> [Source data]
=====

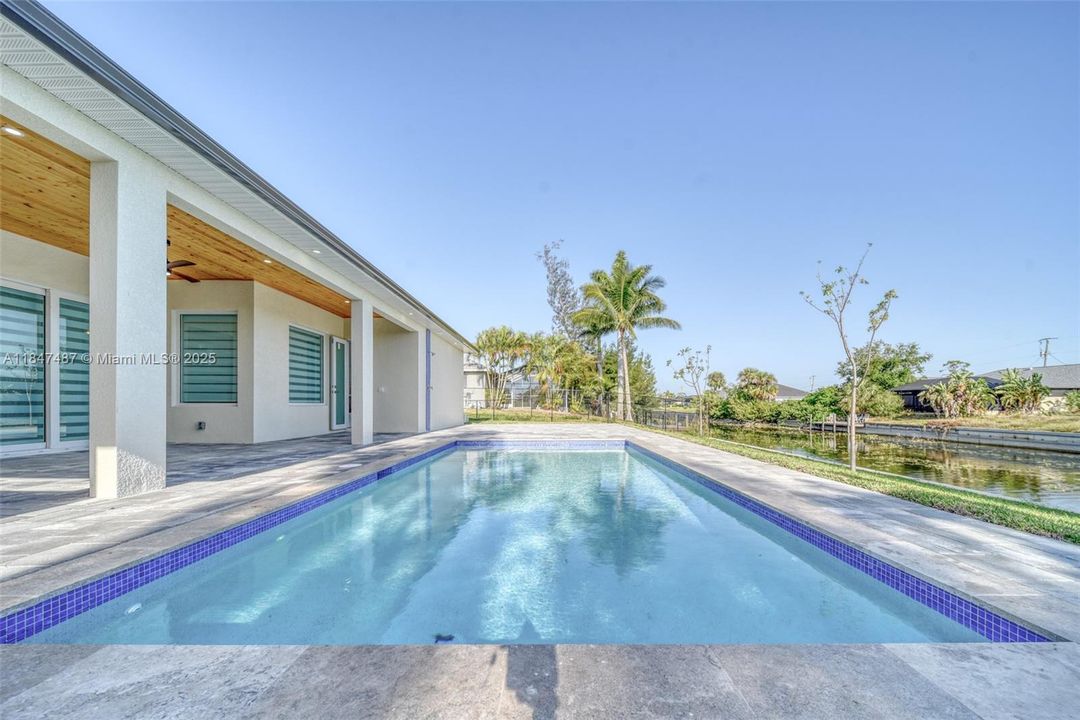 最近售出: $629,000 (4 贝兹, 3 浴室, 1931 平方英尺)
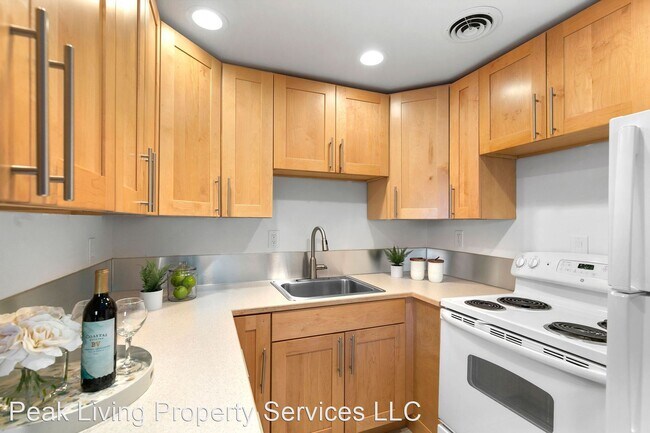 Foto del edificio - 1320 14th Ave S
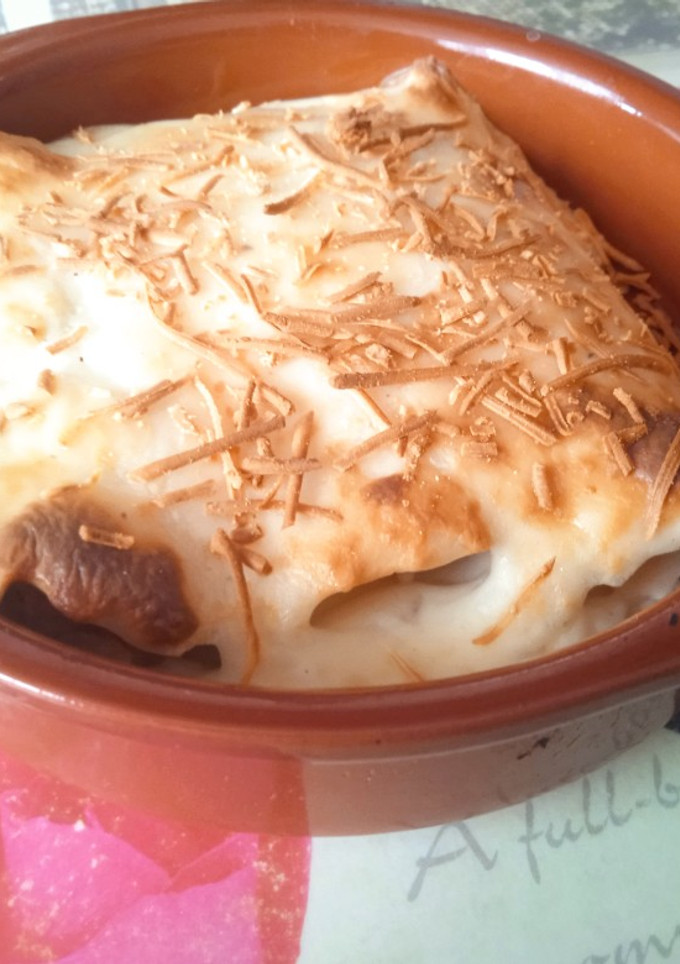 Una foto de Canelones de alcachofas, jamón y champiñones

=====

> [Requirement]
The aim is an exact repeat of the entire listing, stripped of pictures.

> [Output]
 最近售出: $629,000 (4 贝兹, 3 浴室, 1931 平方英尺)
 Foto del edificio - 1320 14th Ave S
 Una foto de Canelones de alcachofas, jamón y champiñones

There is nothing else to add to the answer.